Supreme Court mulls NRA’s free speech fight against NY regulator

The Supreme Court weighed the National Rifle Association’s (NRA) free speech case against a former New York regulator during oral arguments Monday.

Over 75 minutes of arguments, the justices probed how to distinguish when government officials go beyond permissible advocacy and cross into unconstitutional coercion.

“How do you define when it goes too far along that line?” asked Justice Samuel Alito, one of the court’s leading conservatives.

The NRA is asking the justices to resuscitate its First Amendment lawsuit against Maria Vullo, who ran New York’s Department of Financial Services and began investigating the NRA in 2017.

Vullo has since left office, but the NRA alleges she violated the First Amendment by impermissibly encouraging insurers and banks she regulated to sever ties with the gun rights group.

In the wake of the Parkland (Fla.) school shooting, which killed 17 students and staff and reignited a national debate around gun control, Vullo sent guidance letters urging banks and insurers regulated by her department to sever ties with the NRA, warning of “reputational risks.”

Vullo at the time was investigating NRA-endorsed insurance programs, leading some companies to acknowledge their programs were unlawful. The NRA has also taken aim at comments Vullo made during an alleged private meeting with Lloyd’s, an insurance giant.

Several justices seemed open to the NRA’s claims that those actions amounted to coercion, but it remained unclear whether a majority was persuaded.

Neal Katyal, Vullo’s attorney, asserted that ruling for the gun rights group would enable plaintiffs to challenge a flood of enforcement actions across the federal government and in each state by claiming a First Amendment violation.
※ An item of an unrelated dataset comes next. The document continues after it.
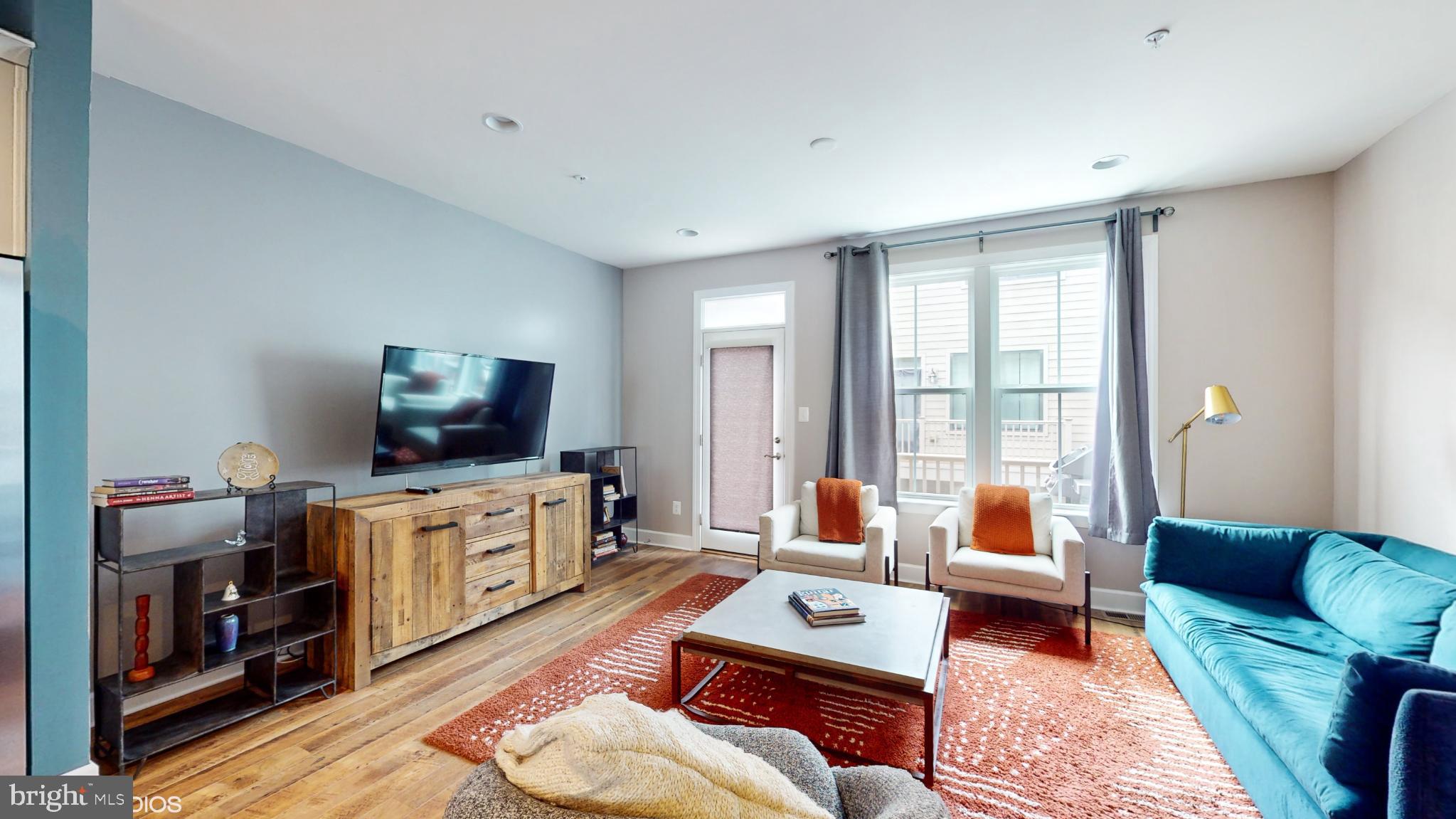 RIVERDALE PARK STATION - Residential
“You would be opening the door to something very, very dangerous and destructive down the road,” Katyal said.

He referenced the recent calls to force a TikTok sale or President Biden’s comment at the State of the Union that “Now we must beat the NRA again!”
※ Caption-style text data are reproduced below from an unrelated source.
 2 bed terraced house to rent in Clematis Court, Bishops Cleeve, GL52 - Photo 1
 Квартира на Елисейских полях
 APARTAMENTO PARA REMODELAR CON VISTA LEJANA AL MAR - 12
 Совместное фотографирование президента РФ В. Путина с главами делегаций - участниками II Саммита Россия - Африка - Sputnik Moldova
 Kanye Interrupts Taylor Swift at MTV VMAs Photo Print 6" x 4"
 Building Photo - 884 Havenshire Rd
“It’s not just the NRA today. It’s every regulated party tomorrow, from TikTok on,” Katyal said.

Some of the Supreme Court’s liberal justices appeared sympathetic to that view, portraying Vullo’s actions as standard for government regulators.
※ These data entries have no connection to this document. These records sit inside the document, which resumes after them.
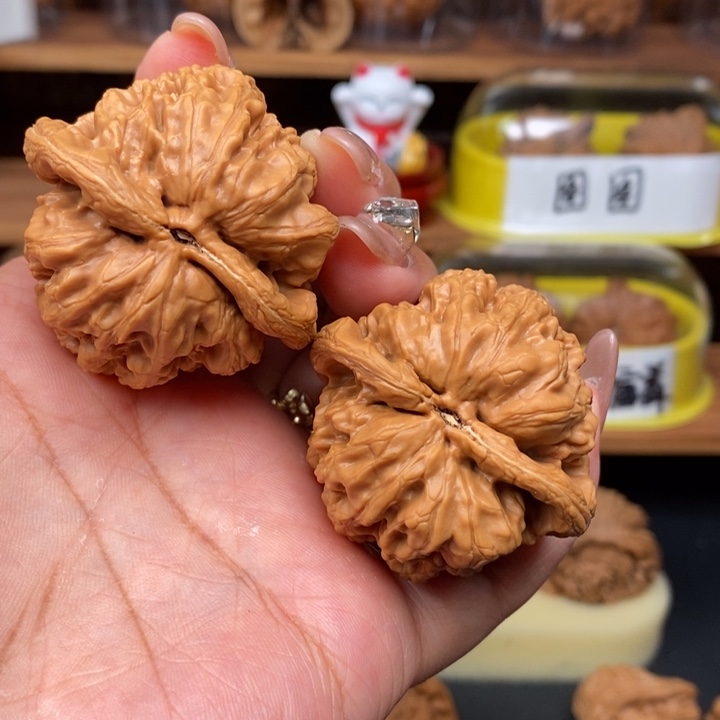 文玩核桃吊坠大***?45全品将军膀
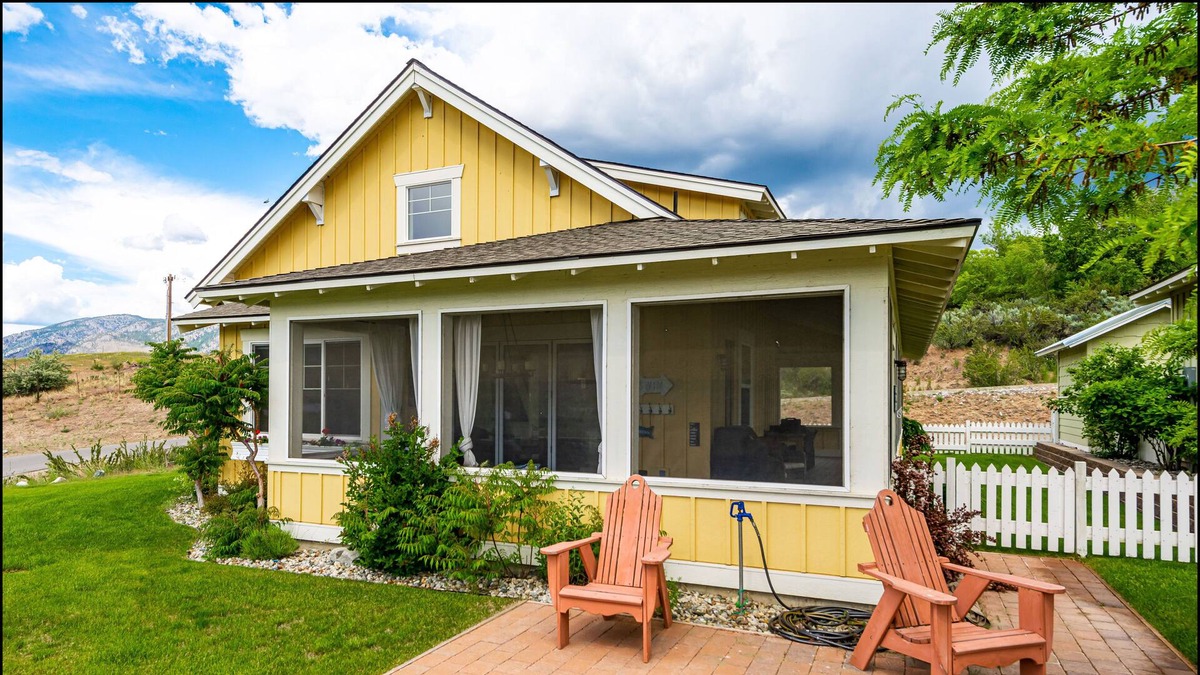 Oroville Cottage | Perched on the hill overlooking Veranda Beach & Lake Osoyoos
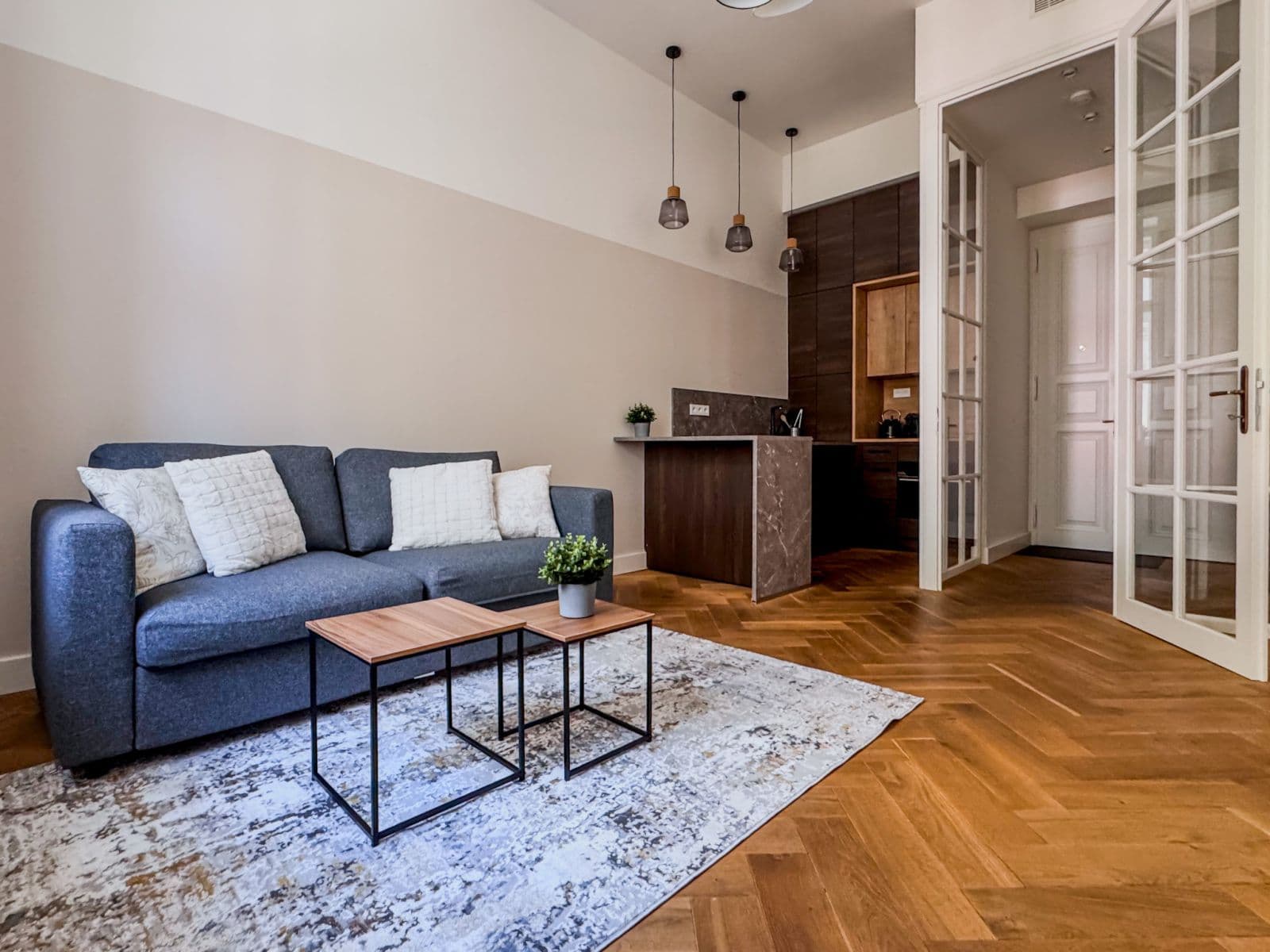 Pronájem bytu  40 m², Dlážděná, Praha, Praha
“If reputational risk is a real thing, and if gun companies or gun advocacy groups impose that kind of reputational risk, isn’t it a bank regulator’s job to point that out?” Justice Elena Kagan said.

Justice Sonia Sotomayor at one point told the NRA’s lawyer, “it seems to me you’re trying to” break new ground in the court’s First Amendment case law.

The NRA lawyer who was receiving those concerns might come as surprise.

For the first time, the American Civil Liberties Union (ACLU) represented the NRA on Monday, despite their deep splits on gun control measures.

But David Cole, the ACLU’s legal director who argued the case, made clear the two groups were aligned when it comes to the First Amendment issue at hand.

“This was not about enforcing insurance law or mere government speech,” Cole said. “It was a campaign by the state’s highest political officials to use their power to coerce a boycott of a political advocacy organization because they disagreed with its advocacy.”

The ACLU and NRA’s alliance wasn’t the only unusual dynamic on display. Both Cole and Katyal are Georgetown Law professors and years-long friends.

A decision in the case, NRA v. Vullo, is expected by the end of June.

The argument followed one earlier in the day that also delved into when government officials engage in unconstitutional coercion.

In that case, the justices weighed the constitutionality of the Biden administration’s contacts with social media companies to police online misinformation about the legitimacy of the 2020 election and COVID-19. Two Republican attorneys general contend it amounted to a campaign of censorship.

But in that argument, the justices appeared skeptical of blocking the administration’s communications. In the NRA case, however, the justices seemed open to the group’s First Amendment claims.

Vullo herself was in the courtroom for Monday’s argument, sitting hunched over the counsel table. At times, she wrote notes to her attorneys.

“You say in your brief this case is not even close. Do you stand by that?” a skeptical Alito asked her attorney, in what became the final question of the argument.

“Yes,” Katyal responded.

Sitting just feet away, Vullo began tapping her foot.